Из положения о том, что сила воскресения Христа выражается именно в смертном единстве верующих, особенно апостола, со Христом, нельзя заключить, что диалектика смерти и жизни возвращается к своему началу и замыкается в самой себе. Напротив, это единство участи являет в своей парадоксальности ясное и совсем не диалектическое превосходство силы воскресения, славы Божьей, уничтожающее равновесие между «ежедневным тлением ветхого человека» и «ежедневным обновлением нового» в силу «безмерного преизбытка вечной славы» (2 Кор 4:16–17).

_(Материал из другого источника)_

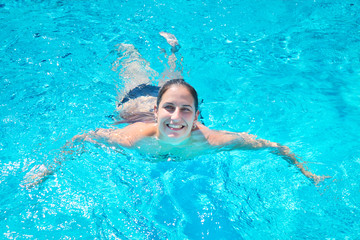 Smiling young woman swimming in a pool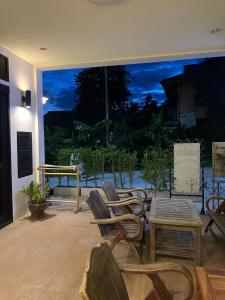 a patio with chairs and a table and a large window at Wangta in Haad Rin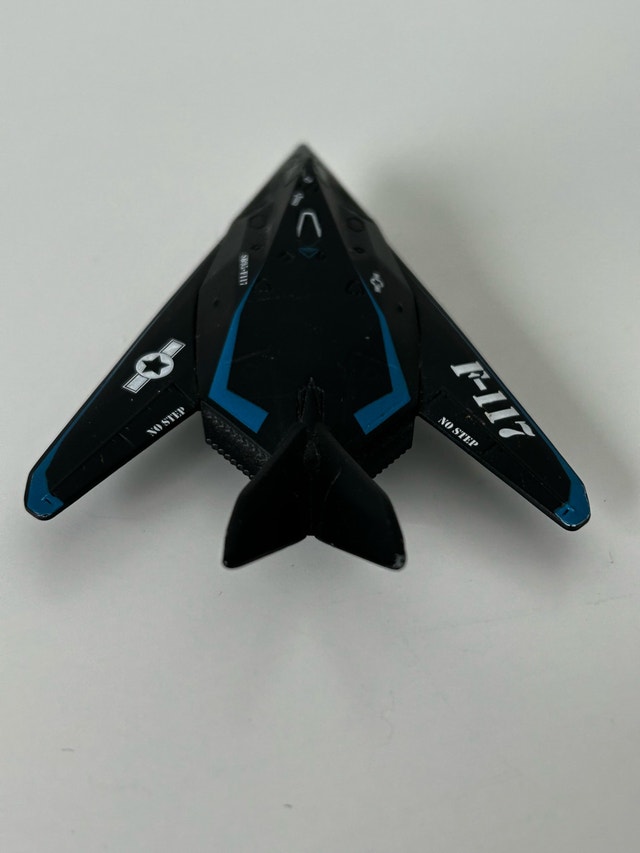 Matchbox F-117 Night Hawk 2010 Black Blue Stealth Fighter - photo 2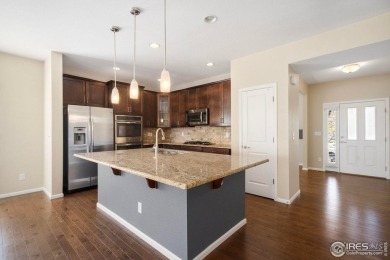 Well maintained Ranch with main floor primary bedroom and on Pelican Lakes Golf and Country Club in Colorado - for sale on GolfHomes.com, golf home, golf lot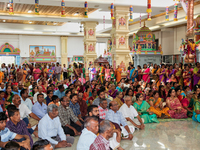 Tamil Hindu devotees listen to special prayers honouring Lord Murugan during the Murugan Ther Festival at a Tamil Hindu temple in Ontario, C...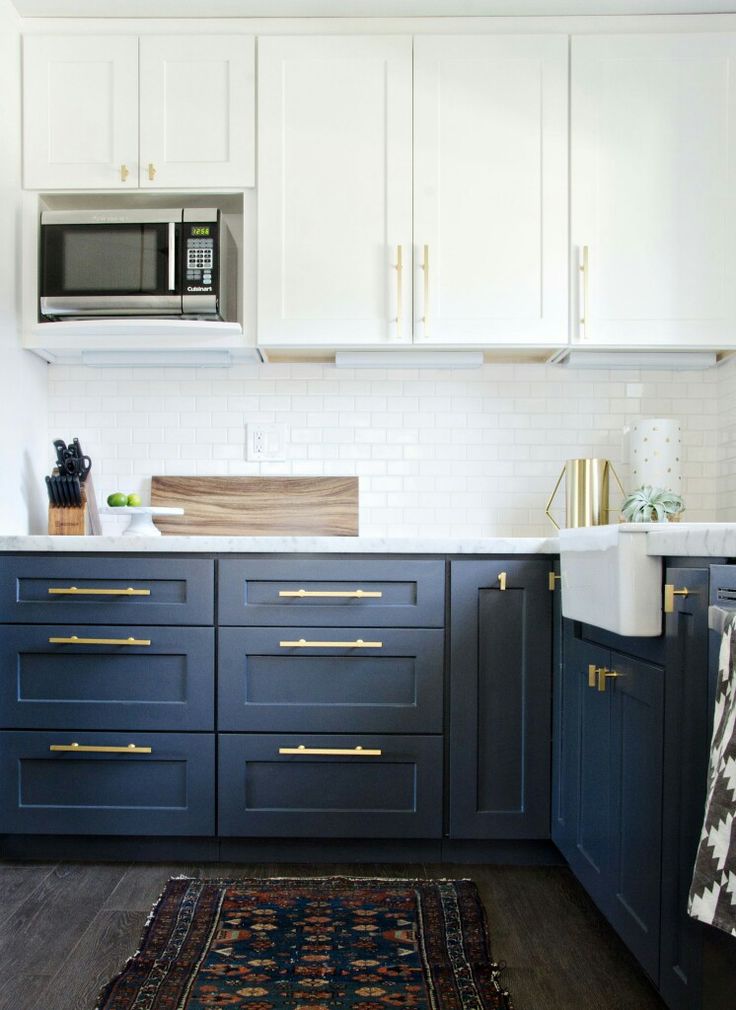 a kitchen with blue cabinets and gold pulls on the handles, along with a rug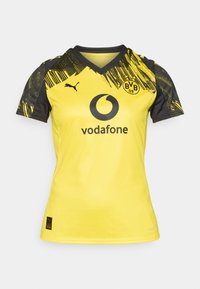 Maillot de sport jaune avec des accents noirs, design en V et motif frappant sur les manches. Comprend les logos d'une entreprise de téléphonie mobile et d'un club de football.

Для христиан может существовать лишь одно богословие, динамически осознающее неустранимый соблазн креста: конечно, это кризис, но и поворот от ветхого к новому эону, происходящий в напряженности отношений между «положением мира и целью мира». Однако между ними посредничает не имманентная эволюция, но непостижимый момент между Великой Субботой и Пасхой. Все это еще раз проясняется с точки зрения антропологии, поскольку «эволюция», как бы ее ни понимали, никогда не сможет соединить обе части расколотого надвое человека — в лучшем случае она вынуждена считать больных и расколотых индивидуумов уходящими в прошлое пройденными этапами шествующего к своему здоровью человечества. Однако Иисус пришел не для того, чтобы ободрить здоровых, но чтобы исцелять больных (Мк 2:17 пар.). Поэтому истинное богословие в «смерти Бога» Tnduum Mortis полностью занято своим высшим предметом и у него нет времени на то, чтобы предаваться бесполезным вопросам.[152]

3. Крест и философия

Все выше сказанное показывает, как трудно разграничить действительно богословский тезис о Tnduum Mortis и его (часто незаметное) превращение в общеупотребительную, постигаемую человеком, отделимую от веры философскую истину. Проблема возрастает, если мы примем во внимание ранее рассмотренную проблему кенозиса, субъект которой — предмирный Логос, то есть сам Бог, или зададимся вопросом о «вечном заклании Агнца». Даже если исключить те формы философии, которые однозначно выходят за рамки христианско–богословского пространства, остается довольно много двусмысленных форм мышления или таких форм, которые в зависимости от контекста и расстановки акцентов могут восприниматься как богословские или как философские положения.